Du bon côté du manche

« L’intention n’est pas de contester la nécessité impérieuse de revitaliser le cœur urbain », avance un travailleur social à Solidarités nouvelles. « Il s’agit de dénoncer la façon dont la majorité communale a choisi de s’y prendre, sans se soucier du sort des familles défavorisées. Car le tout au logement moyen fait des dégâts collatéraux : la flambée des loyers et la fermeture d’immeubles dangereux ou insalubres précarisent davantage les familles à revenus modestes, qui ont le choix entre se loger plus mal ou partir vivre ailleurs » 2 . Le projet RG, entièrement privé, que la Ville intègre à ses plans de « city marketing », sacrifie la mixité sociale, en imposant la « revitalisation » en mode « shopping » comme la seule solution possible.

Dans ces plans-là, certains ne « cadrent » plus. En 2013, la Ville s’est dotée d’un nouveau règlement communal concernant la mendicité. Dans le cadre du bien nommé plan Vauban, les « mancheurs » doivent désormais veiller à se disperser autant que faire se peut dans les communes alentours 3 . La police, qui n’a que ça à faire, est donc chargée de contrôler le respect de ce règlement. En cas d’infraction, la recette du « mancheur » sera saisie et, en cas de récidive, il fera l’objet d’une arrestation administrative d’un maximum de dix heures, pour lui apprendre à tenir son agenda à jour.

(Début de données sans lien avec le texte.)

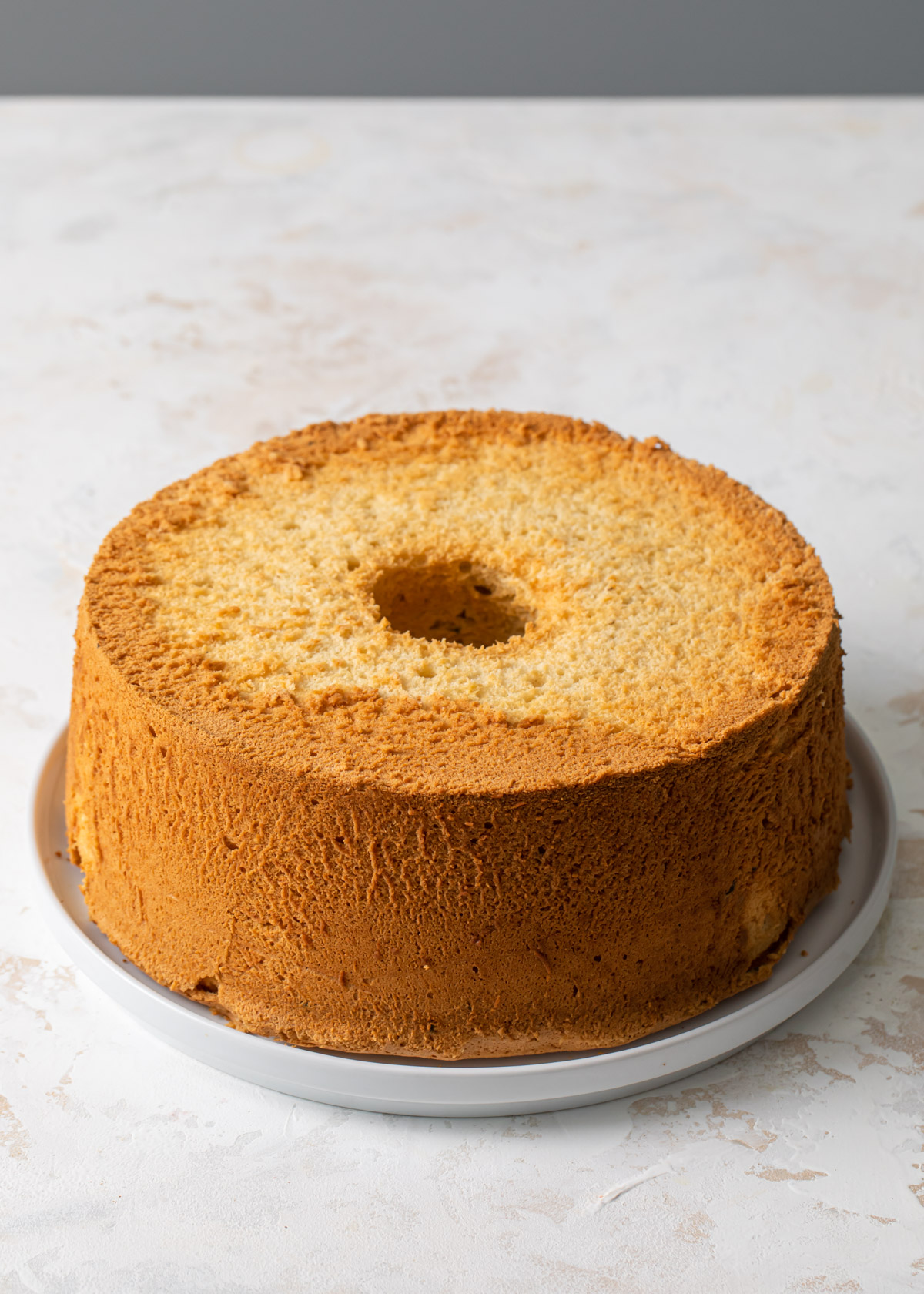 A plain baked vanilla chiffon cake on a white plate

Les forces de l’ordre pourront gérer cette dispersion de la pauvreté depuis le tout nouvel hôtel de police, la « Tour bleue », un immeuble de prestige signé Jean Nouvel – 52 millions d’euros, en partenariat public/ privé, 4 millions d’euros de loyer par an.

3Cette ingénierie sociale des plus démunis concerne aussi les artistes de rues. Le nouveau règlement les concernant les rendent obligatoirement gyrovagues, eux aussi. Ils doivent être accrédités par une commission créée spécialement, où siègent des représentants de l’académie de musique, du centre culturel, de Charleroi Centre Ville, de la police, du secrétaire communal, du bourgmestre, de l’échevinat. La mission de la commission est de garantir une certaine qualité artistique, de mettre en évidence la créativité, l’originalité. L’objectif est de « redynamiser les rues du centre de Charleroi », en mobilisant l’appareil bureaucratique de contrôle. Dans un pénible tour de passe-passe rhétorique, l’échevine Salvi (Cdh) présentait même l’accréditation comme un sésame enviable, « la meilleure façon d’attirer les artistes de rue », par amour du contrôle, car « c’est leur dire qu’ils sont reconnus, qu’ils sont les bienvenus et les assurer qu’ils travailleront dans de bonnes conditions », comme sans doute ne pas être harcelé par la police.

Autre catégorie
d’arpenteurs de rue délocalisés : les prostituées qui sont elles aussi dans le collimateur des autorités carolos. En 2011, quand les travaux de la Ville Basse se profilaient, elles ont dû quitter leur base, le « Triangle », où elles étaient depuis des dizaines d’années. Comme elles traînaient un peu la patte, la Ville prit un arrêté… Elles squattent désormais les ponts sous le ring, en bord de Sambre, un décor digne du Londres de Jack l’Eventreur. Quant aux alcooliques, ils n’ont qu’à bien se tenir. Comme dans bien des villes de Wallonie (et de Belgique en général), il est depuis longtemps interdit de boire de l’alcool en rue.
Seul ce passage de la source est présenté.